- Directed by: Arthur Davis
- Story by: Dave Monahan
- Starring: Mel Blanc
- Music by: Carl W. Stalling
- Animation by: Character animation: Don Williams Basil Davidovich J.C. Melendez Herman Cohen Cal Dalton (uncredited)
- Layouts by: Thomas McKimson
- Backgrounds by: Philip DeGuard
- Color process: Technicolor
- Production company: Warner Bros. Cartoons
- Distributed by: Warner Bros. Pictures
- Release date: November 29, 1947 (USA);
- Running time: 7 minutes (one reel)
- Language: English

= Mexican Joyride =

Mexican Joyride is a 1947 Warner Bros. Looney Tunes cartoon directed by Arthur Davis and written by Dave Monahan. The cartoon was released on November 29, 1947, and stars Daffy Duck.

==Plot==
Daffy Duck drives to Mexico for a vacation, and after a harrowing experience with the local cuisine that literally sets his mouth afire, Daffy goes to a bullfight ring to observe the spectacle. When Daffy jeers at the bull, the horned beast removes the clothes from the human matador and puts them on Daffy as a challenge to the duck to fight the bull in the ring.
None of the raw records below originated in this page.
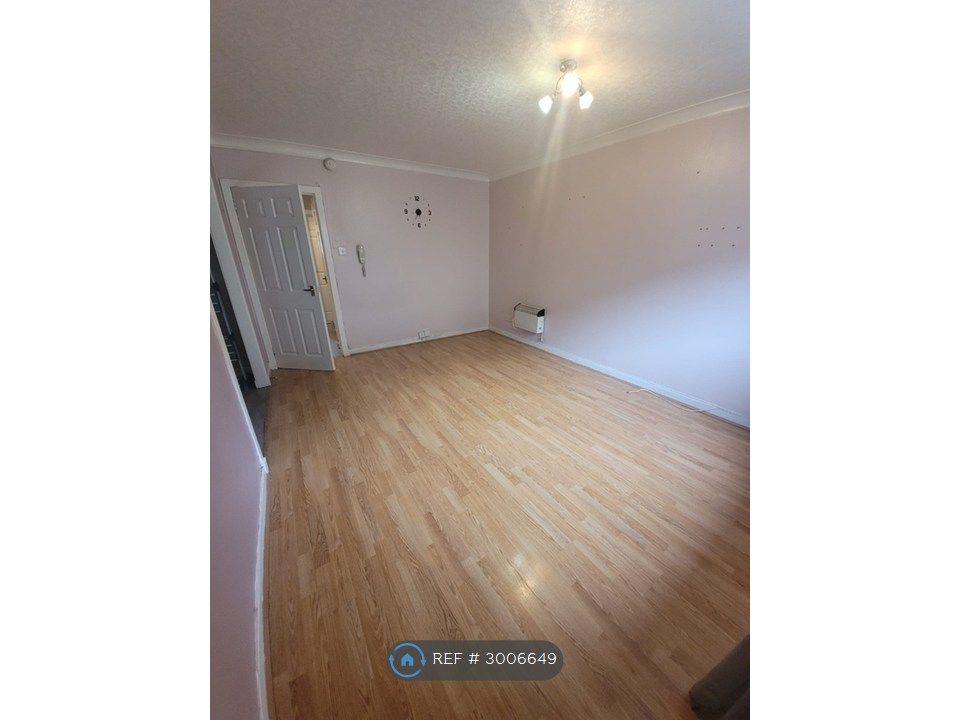 Property photo 3 of 9 Living Room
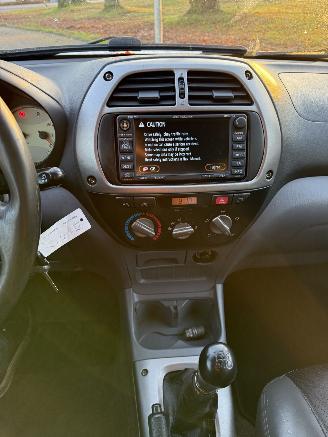 Toyota Rav-4  picture 16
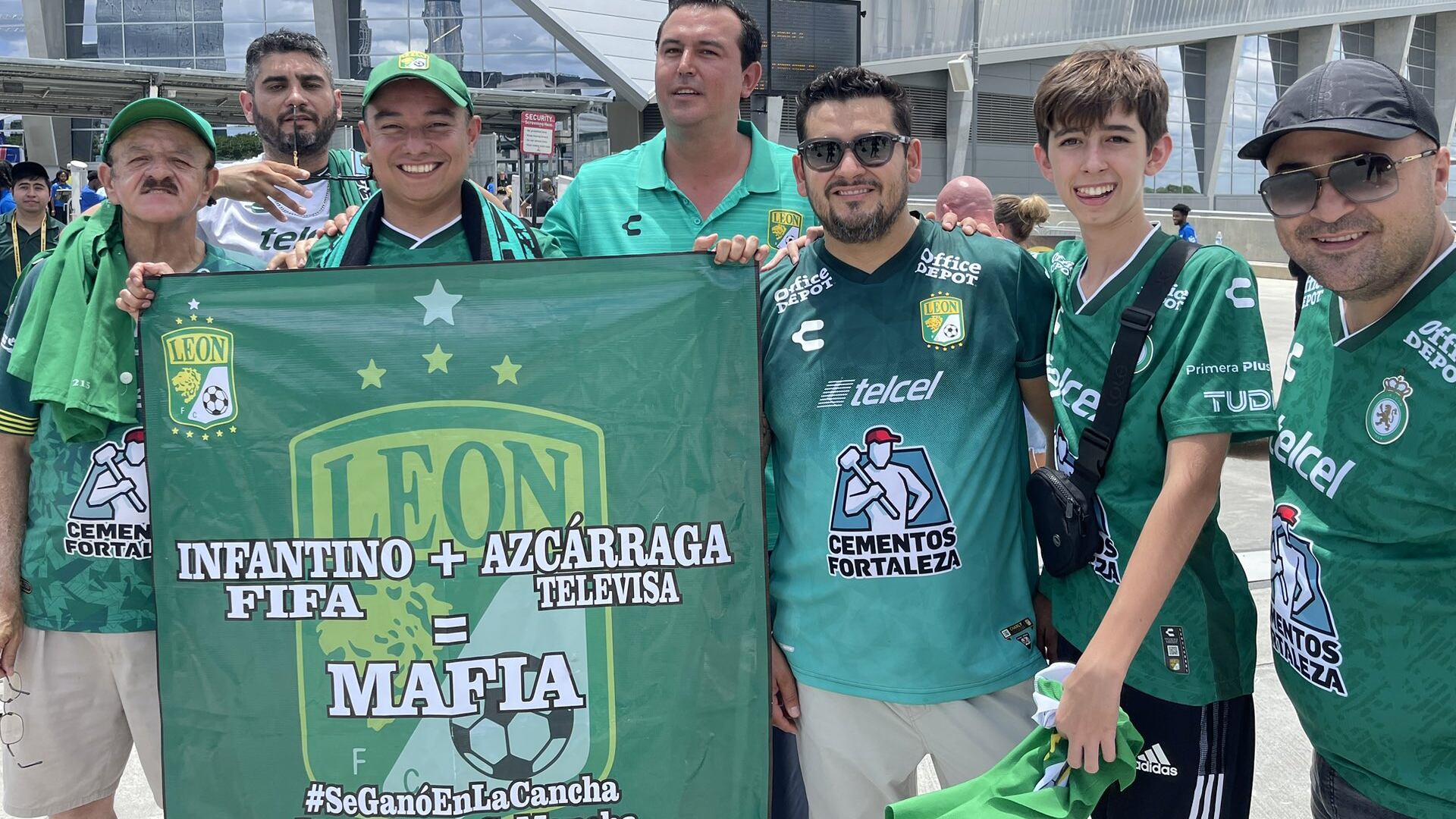 Pese a que su equipo no pudo competir, sus seguidores aprovecharon que ya tenían los boletos para protestar- crédito @ThomasdeStLeger/X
Daffy foils the bull with a proposed wager on a hat trick, betting the bull to guess which of three sombreros Daffy is hiding under. Daffy sees to it that the bull guesses wrong and supplies a machine gun for the impoverished bull to commit suicide. The bull realizes that he is being fooled and, firing the machine gun, chases Daffy out of the bullfight ring. Daffy scrambles to his car to leave Mexico, thinking he has escaped the belligerent bull, but unaware that the bull is riding in the back seat of his vehicle.

==Home media==
The film is available on the Looney Tunes Collector's Choice: Volume 3 Blu-ray.